In Cuzco and in our Andean culture, one of our principle values is to share. Our parents teach us this value strongly and we put it into practice in our different walks of life. We even do so when playing a competitive sport, such as soccer.
People from other places often seem surprised by this action. Of course their culture is different from ours. For example, people from the United States take a drink of soda or of beer straight from the bottle. They tend to do it individually and this surprises us. It seems strange.
In Cuzco, when we are eating or drinking something, we share the food or drink with everyone present. Sometimes we even use the same glass or eat from the same plate. This seems to surprise the North Americans.
If we are drinking something, whether it is a soda, chicha, or beer, we all drink from the same bottle, but we do so by pouring it into a single glass. Each person takes the bottle, and then the glass to serve themselves. They then hand the bottle to the next person and drink from the glass. Then they pass the glass on so the act can continue. Once everyone has drunk, the round starts again, if there is still drink in the bottle or if a new bottle has appeared.
Another important thing is that before each person drinks their first sip they say to everyone gathered “salud” or “health, greeting”, lifting the glass. They then pour the first sip to the earth, to share with the Pachamama, the Earth Mother. They also will blow the drink, if it is alcoholic, to the Apus (or mountains) which are around the city. Sometimes they take foam and flick it to the mountains with their fingers while saying “for” and then adding the mountain’s name.
Sharing is very important. It identifies us as people, thanks to the teachings of the generations that went before us. We also like to teach this value to all those around us.
Whenever people gather, you can appreciate this solidarity. When we sit at the table, either with a group of friends, or in family, we share with each other. This custom of sharing even appears in meetings, social gatherings, and even in the most distant corner of the Andes.
In Bolivia they call our way of serving and sharing beer or chicha, even soda, “the Peruvian way”. We even carry this to eating. For example, even when in a restaurant where we may have ordered different foods, we eat from each other’s plates so everyone gets a taste of everything.

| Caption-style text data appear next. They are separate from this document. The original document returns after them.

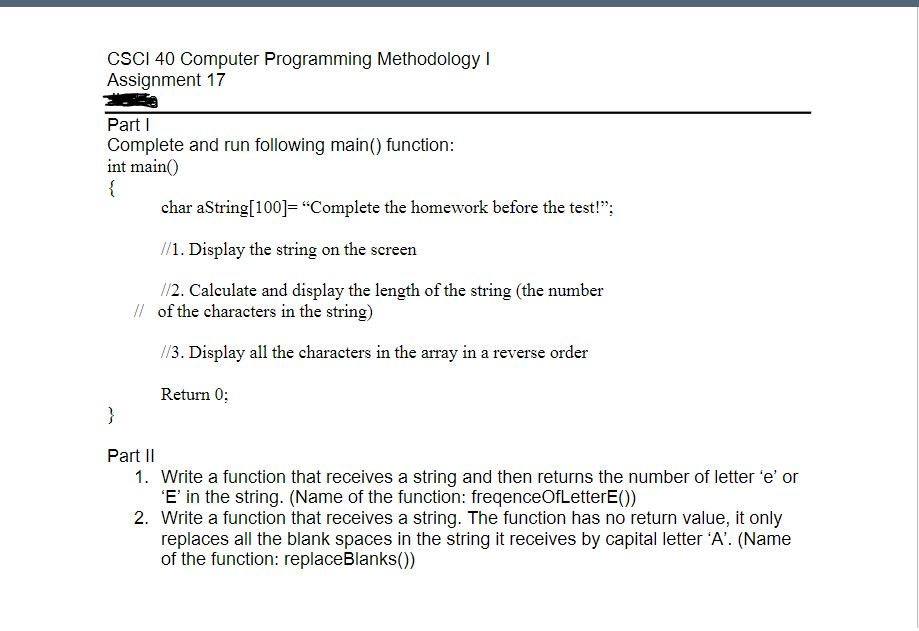  Needs to Build and Run Please!!! CSCI 40 Computer Programming Methodology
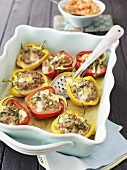 Peppers stuffed with mozzarella, minced meat and chives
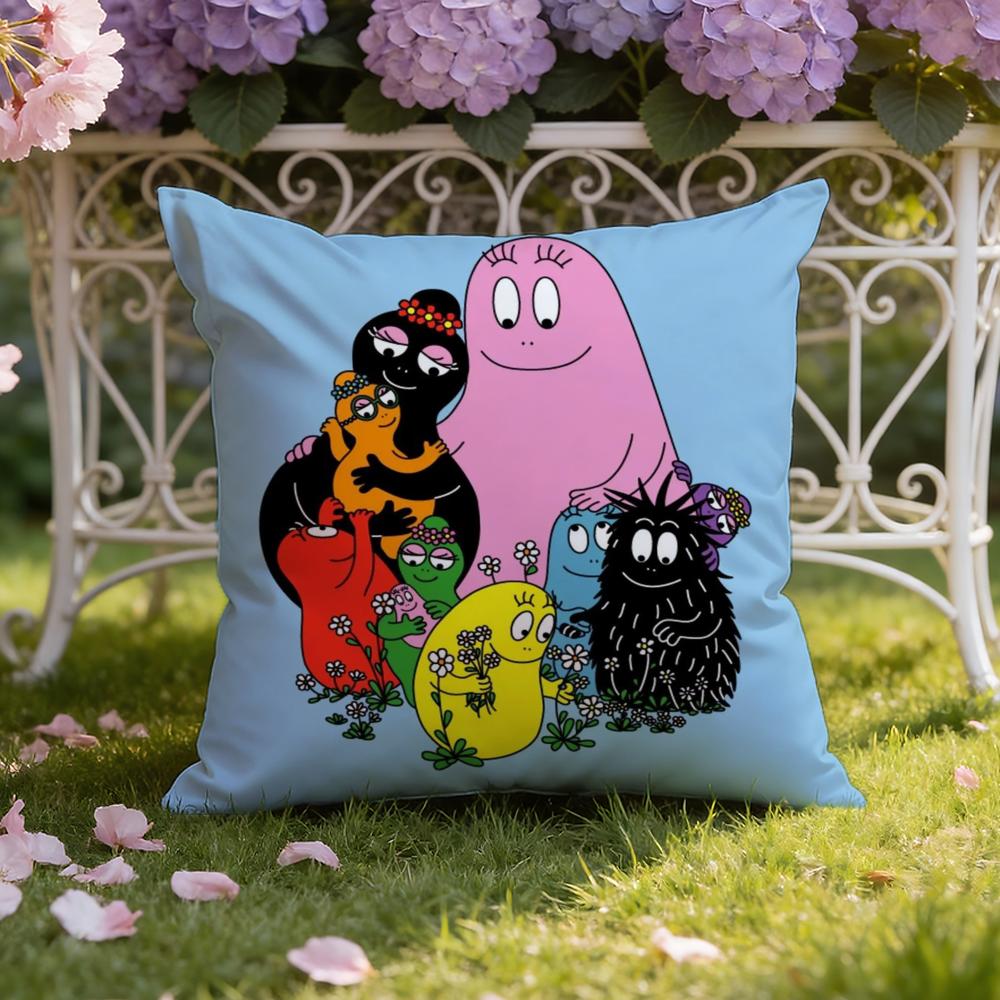 Cartoon Cute B-Barbapapas Cushion Cover Home & Car Dual-Scene Pillow Cover: Reversible for Premium Comfort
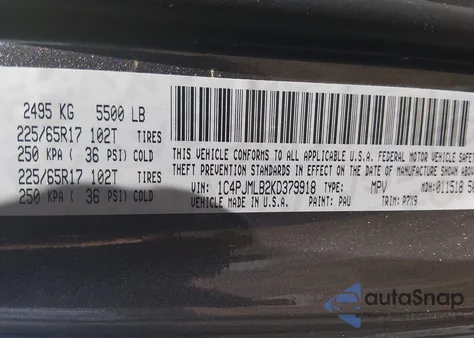 2019 Jeep Cherokee Latitude Plus 4X4 из США, поврежденный, VIN 1C4PJMLB2KD379918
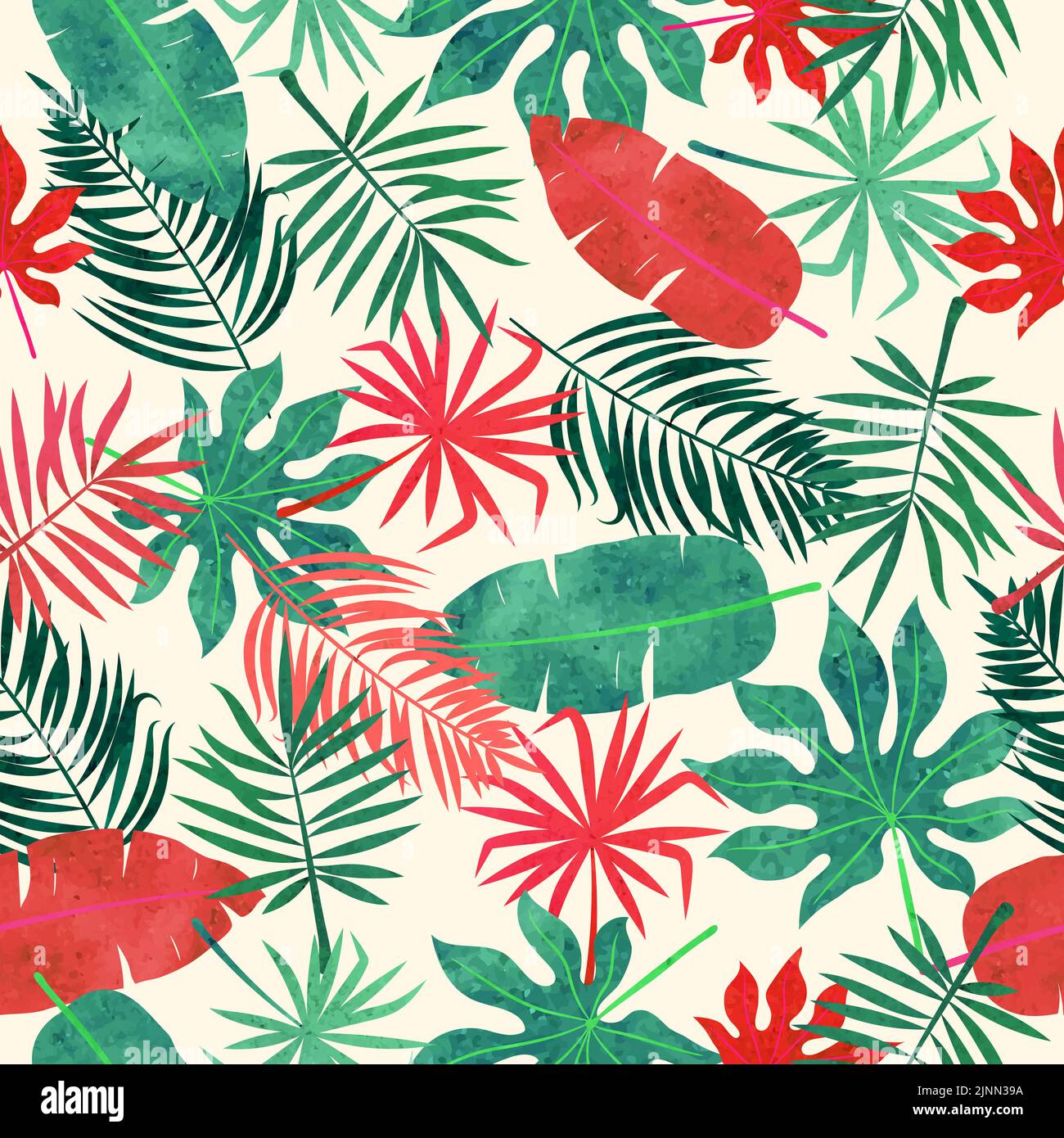 Tropical leaves pattern. Seamless vector red and green watercolor ...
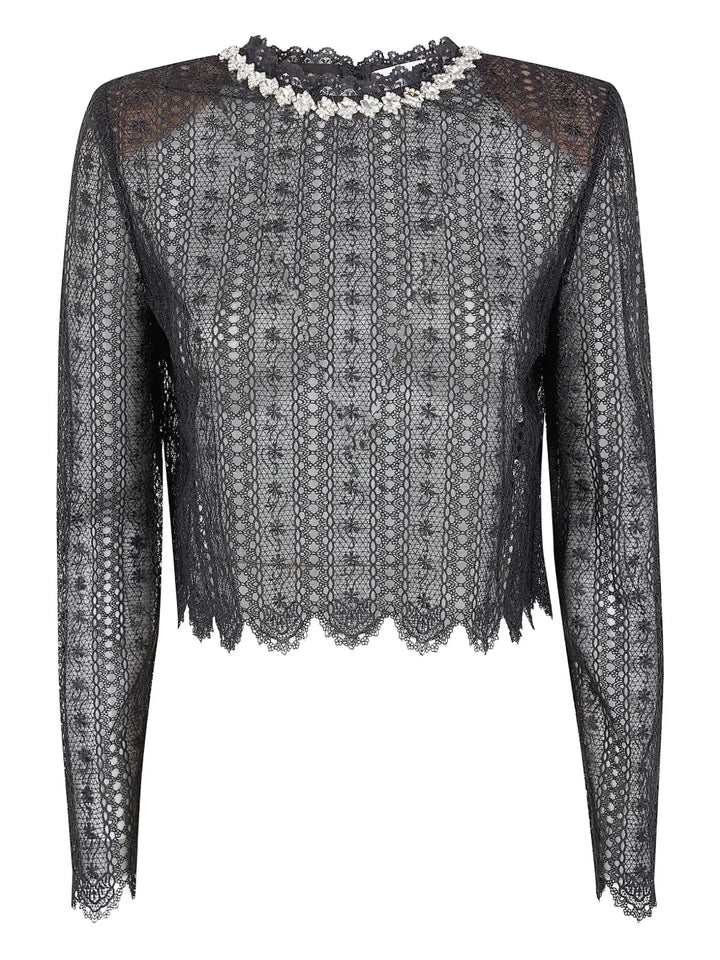 Black Organza Lace Top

Though the Bolivians may call this “the Peruvian way”, it is mostly found in the highlands, especially in the rural communities. In Lima it has been lost, for example.
I remember very well how I learned this value. My mother and my grandmother would always tell me that one should share. Even if one only has one grain of corn, you should divide it among all your brothers and sisters.
Maybe it is this sharing, among other things, that makes people fall in love with our city and our culture. When they are here, the equality among all people in sharing is the same. There is no distinction or racism because we are all from the same earth, the Pachamama.